Der bevorstehende Prozess sei sehr wichtig, meint auch der Vorsitzende der türkischen Gemeinde in Deutschland, Kenan Kolat. „Das sollte auch dementsprechend nach außen dargestellt werden, dass Deutschland sich mit Rassismus und Rechtsextremismus ernsthaft beschäftigt.“

All diesen Erwartungen kann ein Strafverfahren kaum entsprechen - geht es doch in erster Linie darum, nach recht formalen Regeln festzustellen, ob den Angeklagten eine Schuld nachzuweisen ist. Und schon das wird eine große Aufgabe: Die Anklageschrift hat 488 Seiten, mehr als 600 Zeugen sind benannt, und sowohl die fünf Angeklagen als auch die mehr als 70 Nebenkläger können neue Beweisanträge stellen. Der 6. Strafsenat unter dem Vorsitzenden Manfred Götzl fährt ein straffes Programm: In der Regel soll an drei Tagen pro Woche verhandelt werden, schon jetzt sind Termine bis Januar 2014 angesetzt - und es dürften noch einige mehr werden.

Götzl hat Erfahrung mit großen Prozessen - dass er den immensen Stoff juristisch und organisatorisch in den Griff bekommt, bezweifelt kaum jemand. Mit dem öffentlichen Interesse geht das Gericht hingegen nicht so souverän um. Am liebsten, so scheint es, würden die Richter so tun, als gäbe es die Öffentlichkeit gar nicht - als wäre das Verfahren nur ein strafprozessuales Kammerspiel.

Auf die Bitte, dem türkischen Botschafter einen Platz zu reservieren, reagierte Götzl mit einer knappen Absage. Sinngemäß: Es stehe dem Diplomaten frei, sich anzustellen wie jeder andere auch. Eine Erklärung der Gerichtssprecherin gab es erst, als die Sache öffentlich wurde. Nun wird hinter den Kulissen nach einer Lösung gesucht.

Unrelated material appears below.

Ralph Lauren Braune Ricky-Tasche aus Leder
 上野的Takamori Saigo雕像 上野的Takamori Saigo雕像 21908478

Der nächste Eklat folgte, als bei der Vergabe der festen Journalistenplätze kein türkisches Medium zum Zuge kam. Ein Unfall mit Ansage: Das Gericht hatte sich für eine Vergabe nach dem „Windhundprinzip“ entschieden - obwohl nahe lag, dass es Journalisten aus dem Ausland bei einem solchen Wettlauf aus organisatorischen Gründen schwer haben. Nun liegt die erste Verfassungsbeschwerde vor. Der Streit um die Rahmenbedingungen belastet das Verfahren, bevor es begonnen hat. Dabei gab es vor Beginn der Akkreditierung durchaus Versuche, das Gericht von einer anderen Verteilung zu überzeugen - doch sie fanden kein Gehör.

Angebote deutscher Medien, ihre Plätze zur Verfügung zu stellen, wurden abgelehnt. Das Gericht will kein rechtliches Risiko eingehen. Es bleibt bei einem strikt formalen Verfahren. Und auch diejenigen, die einen Platz ergattert haben, verlieren ihn möglicherweise, wenn sie nur einen kurzen Moment den Saal verlassen. Es klingt wie eine Posse: Nicht einmal auf die Anfrage, ob Journalisten während eines Verhandlungstages zwischendurch auf die Toilette dürfen, ohne ihren Platz zu verlieren, wollte das Gericht eine verbindliche Auskunft geben. Stattdessen ging die Pressestelle auf Tauchstation: Fragen zur „Anordnung und Durchführung des Akkreditierungsverfahrens“ würden bis auf weiteres nicht mehr beantwortet, hieß es in einer Mitteilung. Ein Gericht schottet sich ab.